Mylan, Novartis, Proctor & Gamble, and Sanofi declined to comment. Colgate-Palmolive did not respond to a request for comment.

For Mylan, the deal is an opportunity to become one of the largest purveyors of generic and over the counter medications, with annual revenues in excess of $15 billion, at a time when consolidation among insurers and pharmaceutical benefits managers is putting pressure on the prices of generic drugs.

Mylan launched a tender offer earlier this month to purchase Perrigo stock directly from shareholders in exchange for $75 in cash and 2.3 Mylan shares for every share they tender.

The offer has declined significantly in value since Mylan’s initial April 8 proposal. Mylan's share price has dropped by more than 30 percent since late July, partly due to its rejection of a $40 billion bid from Israeli generics drug maker Teva Pharmaceuticals (TEVA.TA), which went on to buy Allergan Plc's (AGN.N) generic drug business for $40.5 billion.

Perrigo's board has recommended shareholders do not tender their shares to Mylan, but is restricted by Irish law from blocking the offer.

ROAD SHOWS

In response to the offer, Perrigo's management team has embarked on extensive road shows, meeting with numerous shareholders to convince them not to tender, the sources said.

During these meetings, Perrigo has claimed that it has received interest from potential buyers other than Mylan, the sources added. The company has not disclosed any step so far that would indicate it is exploring such an interest.

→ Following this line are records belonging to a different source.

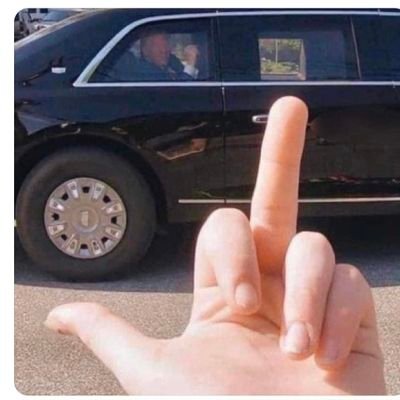 ingoboy69's profile picture. Neurotisk stoiker som irrar runt planlöst på planen. Älskar Nato, hatar Trump.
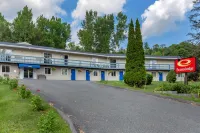 Econo Lodge Lee - Great Barrington Hotels in Lee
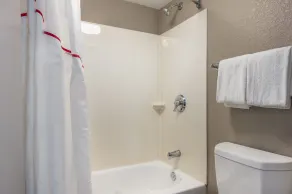 Red Roof Inn Virginia Beach - Bathroom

Perrigo has primarily stressed that Mylan's offer does not adequately compensate shareholders for its "exceptional" standalone growth prospects, including $1 billion in new product launches over the next three years, a growing European consumer healthcare platform, and potential upside from future acquisitions.

To be sure, some of Perrigo's shareholders, including a number who plan to tender if Perrigo does not offer an alternative, have reservations about becoming Mylan shareholders, the people said, citing corporate governance concerns raised by Mylan’s rejection of Teva.

However, a number of shareholders feel the structure of Mylan’s proposal could compel even hesitant shareholders to tender in order to avoid becoming a marginalized minority in a Mylan-controlled company, the people said.

Shortly before the bid, Mylan relaxed its conditions for closing the deal from the 80 percent majority threshold that is customary in Ireland to a simple majority, which could potentially lead to a situation in which Mylan is the controlling shareholder of an independent Perrigo.

About 20 percent of Perrigo's shareholder base is comprised of hedge funds with shorter time horizons, which may be more likely to tender, according to one of the sources. This would give Mylan a head start as it tries to reach the 50 percent threshold.